** DATA PROVIDED follows **

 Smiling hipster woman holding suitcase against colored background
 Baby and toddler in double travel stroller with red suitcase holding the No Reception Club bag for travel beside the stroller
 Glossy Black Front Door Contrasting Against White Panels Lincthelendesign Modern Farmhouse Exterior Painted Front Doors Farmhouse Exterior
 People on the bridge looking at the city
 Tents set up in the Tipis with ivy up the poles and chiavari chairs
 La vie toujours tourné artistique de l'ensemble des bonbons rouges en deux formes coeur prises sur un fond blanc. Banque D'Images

** End of DATA PROVIDED **
** DATA PROVIDED follows **

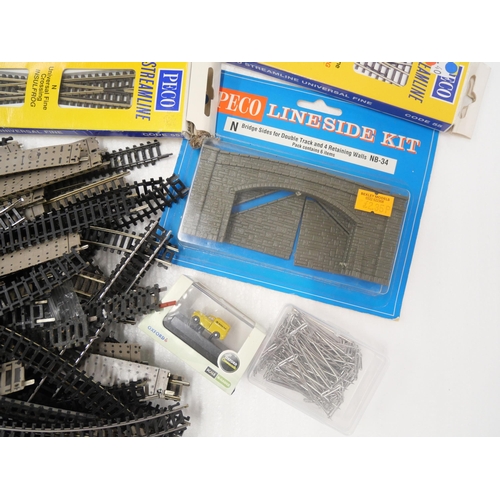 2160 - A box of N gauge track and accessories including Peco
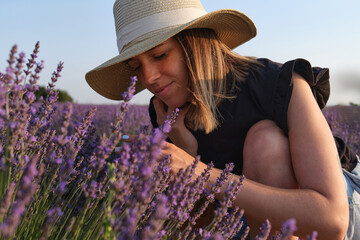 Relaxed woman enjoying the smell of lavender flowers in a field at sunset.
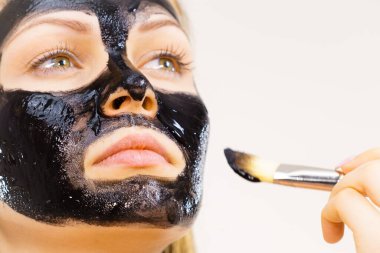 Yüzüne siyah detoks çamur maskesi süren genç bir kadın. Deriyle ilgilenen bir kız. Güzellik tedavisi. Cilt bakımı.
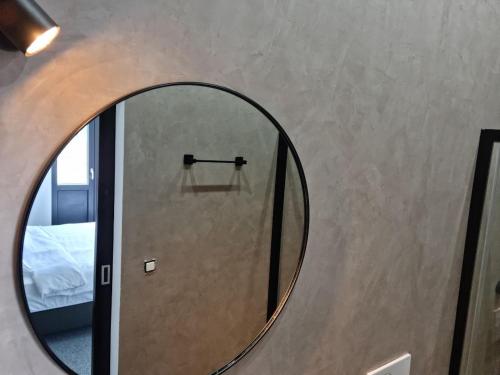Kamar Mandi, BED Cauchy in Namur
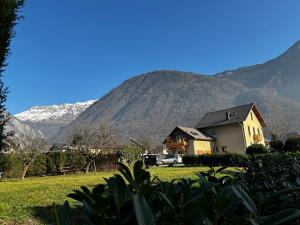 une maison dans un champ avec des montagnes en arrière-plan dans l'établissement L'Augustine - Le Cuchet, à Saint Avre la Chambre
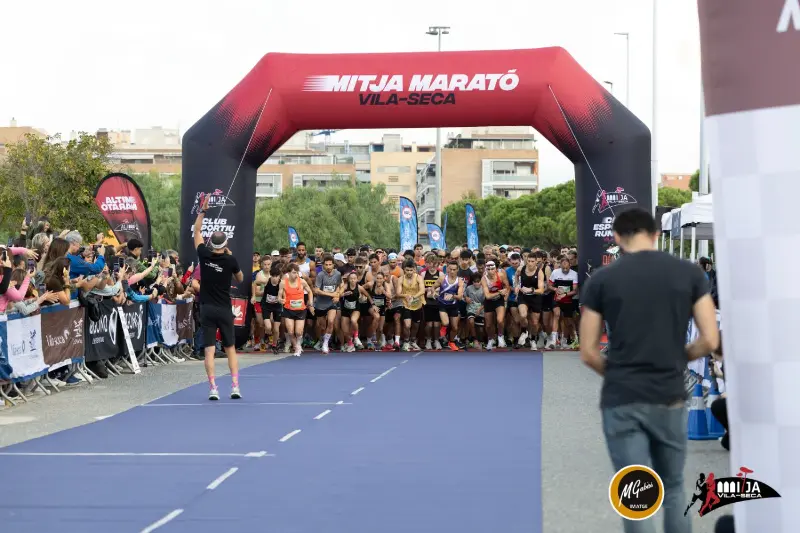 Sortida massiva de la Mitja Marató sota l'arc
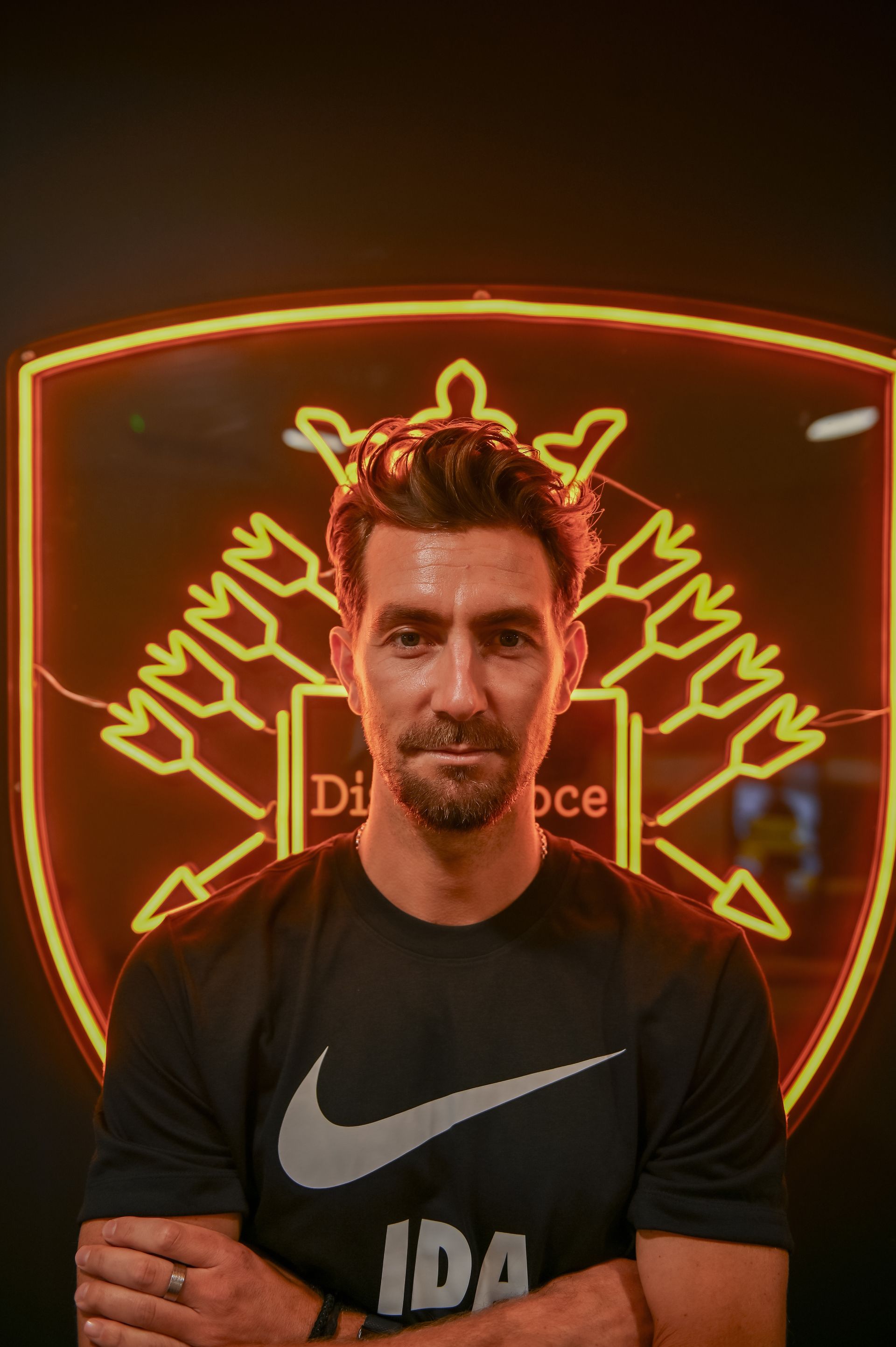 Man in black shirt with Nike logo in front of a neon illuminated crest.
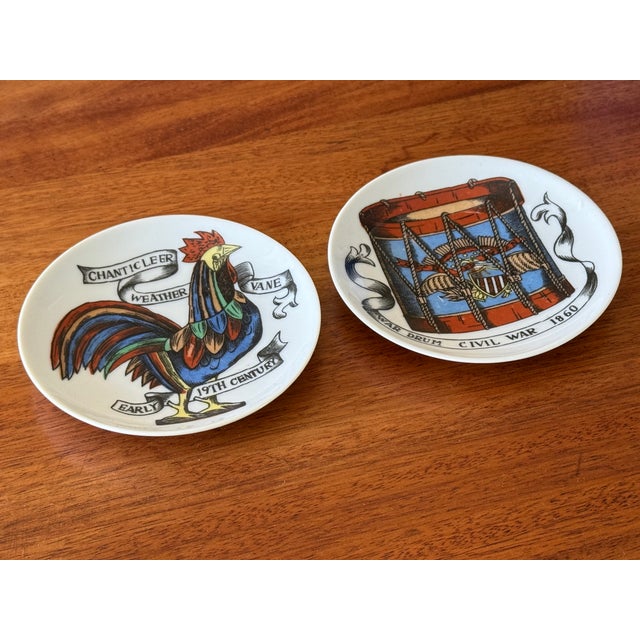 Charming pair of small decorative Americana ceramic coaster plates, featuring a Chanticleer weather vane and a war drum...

** End of DATA PROVIDED **
** DATA PROVIDED follows **

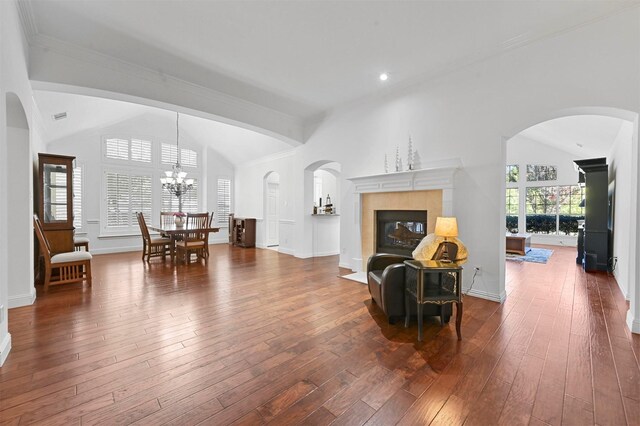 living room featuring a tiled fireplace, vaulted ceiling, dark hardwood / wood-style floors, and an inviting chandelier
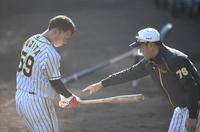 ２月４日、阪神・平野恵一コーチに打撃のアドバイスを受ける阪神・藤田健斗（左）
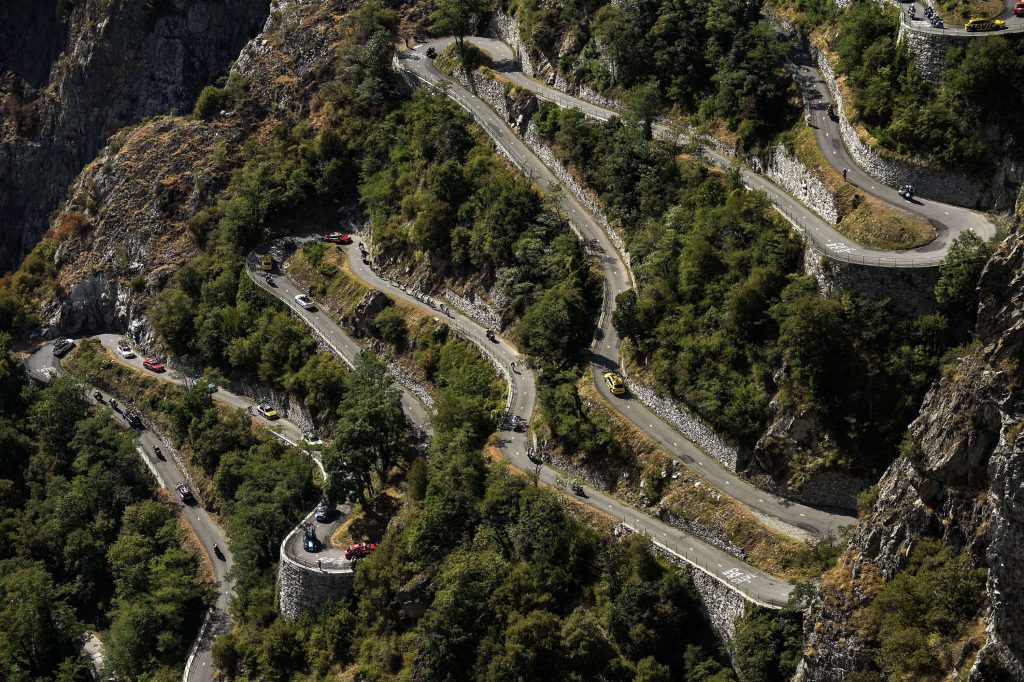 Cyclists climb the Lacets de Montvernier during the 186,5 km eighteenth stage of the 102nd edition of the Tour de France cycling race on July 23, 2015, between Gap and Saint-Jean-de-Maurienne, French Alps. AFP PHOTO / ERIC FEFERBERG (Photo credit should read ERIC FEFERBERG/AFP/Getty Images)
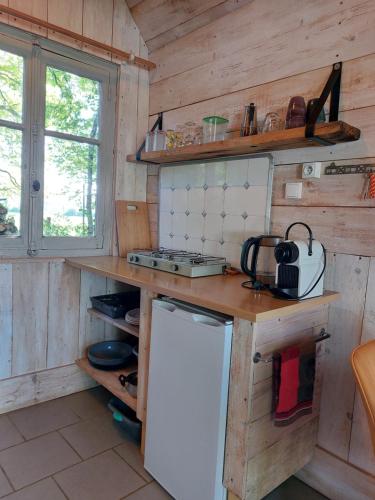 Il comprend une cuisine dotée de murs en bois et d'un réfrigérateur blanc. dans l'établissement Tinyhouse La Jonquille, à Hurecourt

** End of DATA PROVIDED **

• WHAT IS EXPECTED: Within the material, find all lines that hold the word "suitcase" and show them.

• WRITTEN ANSWER:
 Smiling hipster woman holding suitcase against colored background
 Baby and toddler in double travel stroller with red suitcase holding the No Reception Club bag for travel beside the stroller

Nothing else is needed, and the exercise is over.